All the western slopes of the Andes are treeless, the high plains are treeless, and the few poles that are used in the thatched roofs of the Indian huts are dragged out from the montaÑa, as the interior over the final Andean passes is called. These skinny little poles are regular articles of trade. Therefore, the Lake Titicaca Indian has evolved his reed canoe and boat.

The reed, which grows along the shores of the lake, is bound in round bundles tapering at both ends; these bundles in turn are lashed together to form the canoes, from the little bundles to the larger boats that can carry freight. Sometimes a mat sail, also from these same reeds, is hoisted on a couple of poles lashed together at the apex and at the base braced against the inside of the clumsy craft. The steering is done with an oar made from a pole and a board, while similar oars are used by the crew who drive a wooden pin for an oarlock at any convenient spot along the reed-bundle gunwale. In this kind of an outfit they put out on the lake fishing for the little fish that alone seem to have survived in the cold waters, or shuffling across the waves from the coast to one little sugar-loaf island after another in their native trade. In Pizarro’s day it was probably the same—costume, craft, and barter.

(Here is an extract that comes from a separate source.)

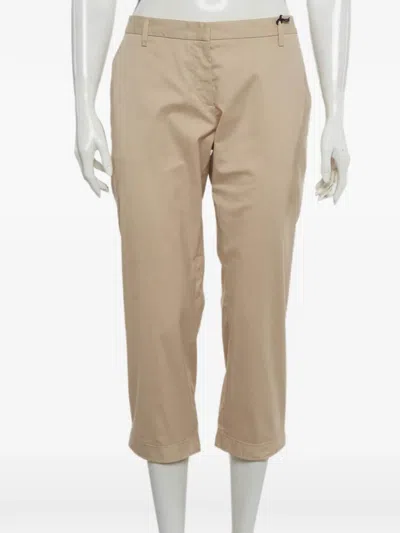 Pre-owned Prada Pinstripe-pattern Trousers In Neutral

In Pizarro’s Day It Was Probably the Same—Costume, Craft, and Barter

One more night in the cramped wardrobe of the Yavari—during which my solution of alcohol and salicylic acid procured in flea-bitten Lima—against other similar emergencies—did valiant service, and in the morning we awoke to the clatter of the Indian mate and his Quechua crew as they made the little steamer fast to the dock at Guaqui. From here a railroad runs over a continuation of the level high plain and past the ruins of Tiajuanaca to the edge of the plateau above La Paz. The valley of La Paz is a vast crack torn in the level plain as by some primeval cataclysmic blast; on the farther side there is the tremendous peak of Illomani with a cape of perpetual snow far down its grim flanks; far off in the ragged valley and some two thousand feet below the railroad terminal is the capital of Bolivia, La Paz. Once no trolley wound its way down the steep sides, and in those days there still gathered at the station every Deadwood and express coach that had ever existed at the north. A crew of runners would meet the train, pile all the freight and passengers that were possible inside, lash the rest on the roof, and then with their four or six horse teams—never an animal free from a collar gall—on a dead run race for a place at the edge of the mesa in order to be the first on the winding trail that led downward to the city. Whips cracking, horses on the jump, coaches swinging and banging, here a hairy rawhide trunk goes off, and there an Indian hotel mozo is snapped straight out in the rush as he tries to crawl up on the baggage rack behind; and then the dropping trail in a whirl of dust over a road scarcely better than a dry creek bottom until, at last, over the rough cobbles of La Paz itself, to pull up at the door of the hotel with the rough horses in a lather and with white eyes and heaving sides. That was the way it was once. Now it is different; you can ride down sedately in a trolley car and walk into the hotel with never a hair turned.